■ ACTIVITY
Repeat the data that follows exactly, starting at the line with "Gold Plated Heart" and ending at the line with "Best quality Green", and leave out every picture.

____

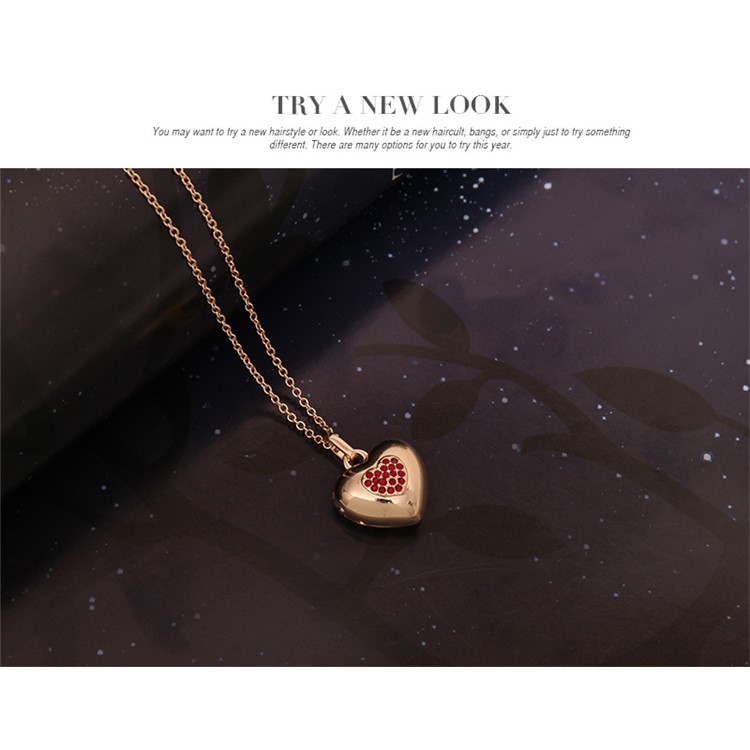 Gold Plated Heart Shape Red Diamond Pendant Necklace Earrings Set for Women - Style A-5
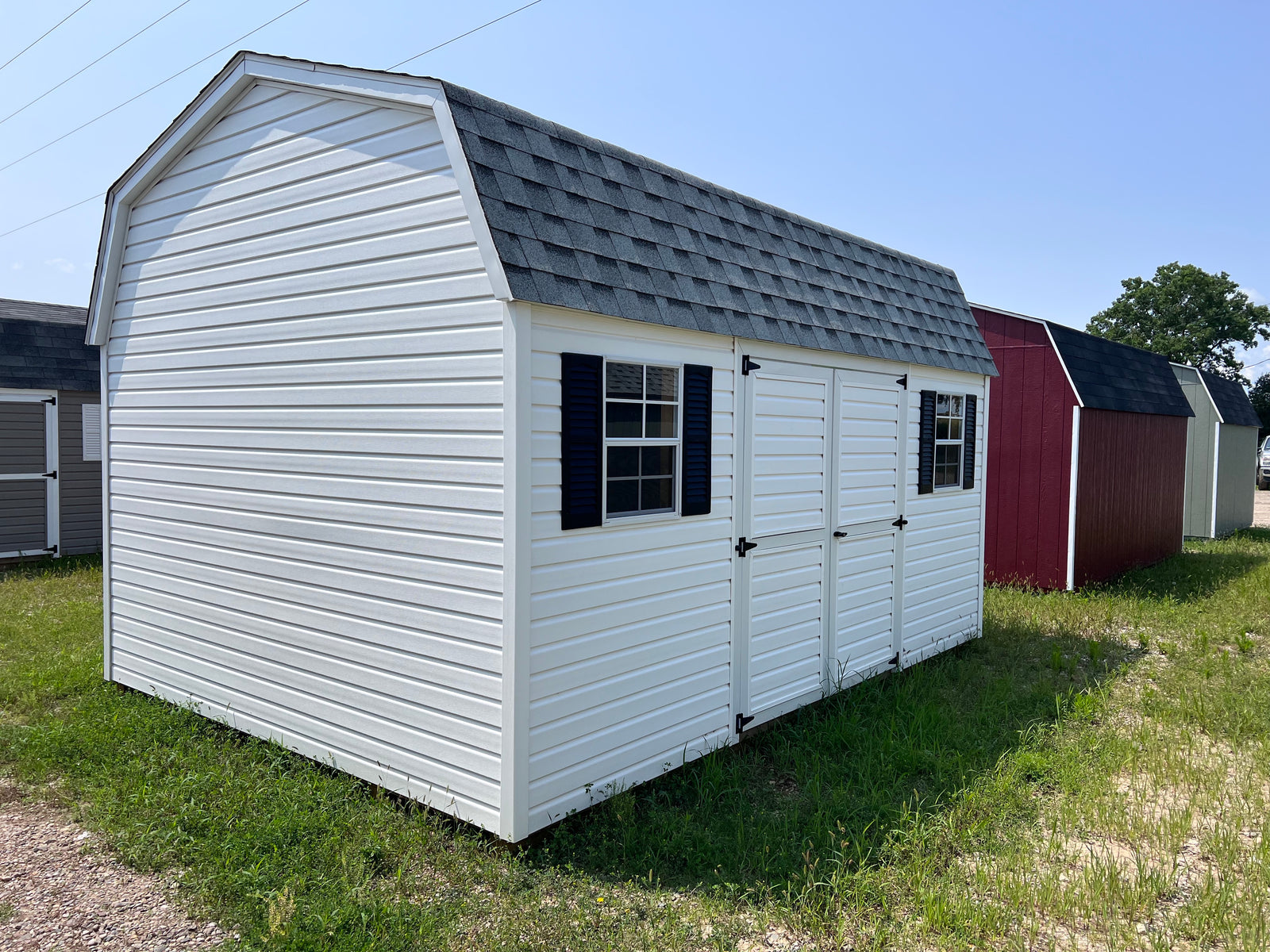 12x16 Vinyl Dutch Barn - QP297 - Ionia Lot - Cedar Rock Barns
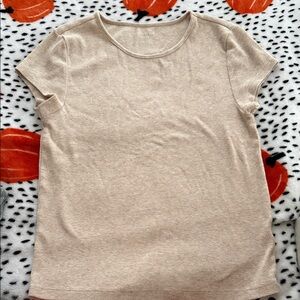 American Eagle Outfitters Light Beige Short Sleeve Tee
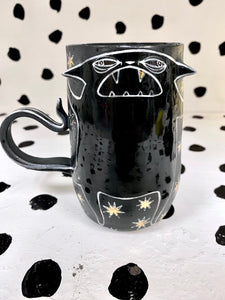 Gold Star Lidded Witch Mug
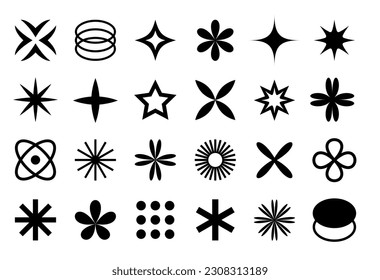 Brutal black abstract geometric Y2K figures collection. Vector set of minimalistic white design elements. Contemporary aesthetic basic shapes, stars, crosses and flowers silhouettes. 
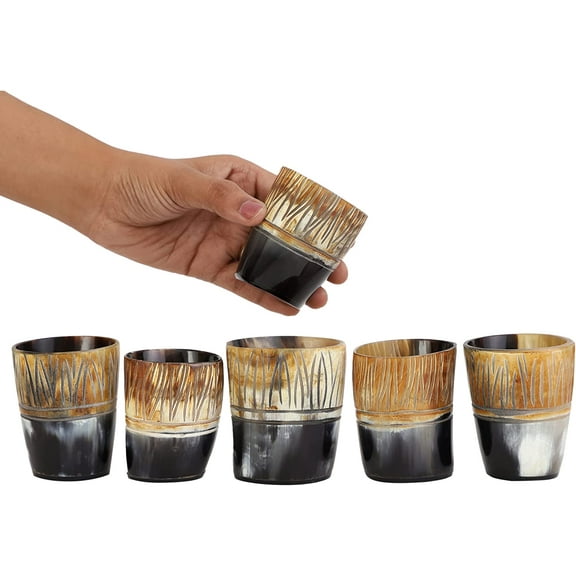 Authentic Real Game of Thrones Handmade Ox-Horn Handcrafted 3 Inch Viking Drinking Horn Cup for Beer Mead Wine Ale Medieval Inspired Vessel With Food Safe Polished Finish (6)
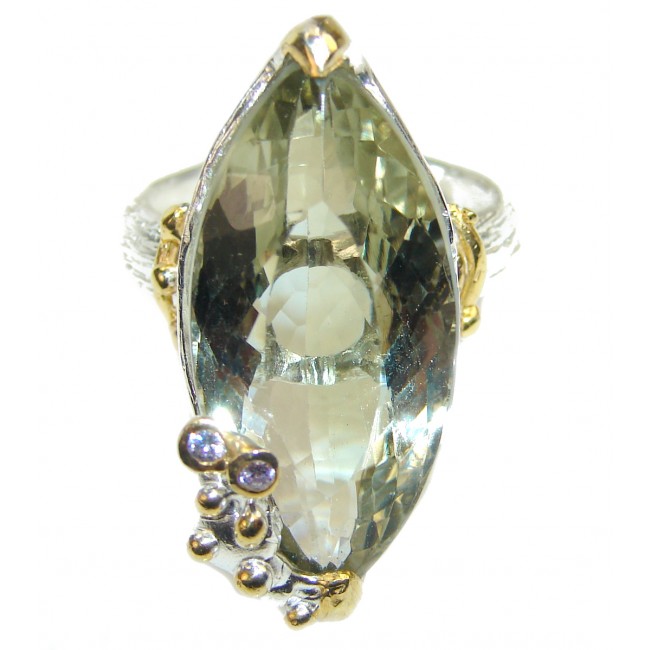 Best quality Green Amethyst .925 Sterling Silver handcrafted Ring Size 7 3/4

____

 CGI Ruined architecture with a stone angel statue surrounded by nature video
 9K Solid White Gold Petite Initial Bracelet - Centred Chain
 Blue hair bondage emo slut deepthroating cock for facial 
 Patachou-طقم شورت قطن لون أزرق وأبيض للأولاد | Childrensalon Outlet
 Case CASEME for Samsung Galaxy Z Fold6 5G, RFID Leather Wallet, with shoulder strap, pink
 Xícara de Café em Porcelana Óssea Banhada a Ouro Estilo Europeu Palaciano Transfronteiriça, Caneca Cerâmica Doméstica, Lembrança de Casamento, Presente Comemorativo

____

■ WRITTEN RESPONSE
 Gold Plated Heart Shape Red Diamond Pendant Necklace Earrings Set for Women - Style A-5
 12x16 Vinyl Dutch Barn - QP297 - Ionia Lot - Cedar Rock Barns
 American Eagle Outfitters Light Beige Short Sleeve Tee
 Gold Star Lidded Witch Mug
 Brutal black abstract geometric Y2K figures collection. Vector set of minimalistic white design elements. Contemporary aesthetic basic shapes, stars, crosses and flowers silhouettes. 
 Authentic Real Game of Thrones Handmade Ox-Horn Handcrafted 3 Inch Viking Drinking Horn Cup for Beer Mead Wine Ale Medieval Inspired Vessel With Food Safe Polished Finish (6)
 Best quality Green Amethyst .925 Sterling Silver handcrafted Ring Size 7 3/4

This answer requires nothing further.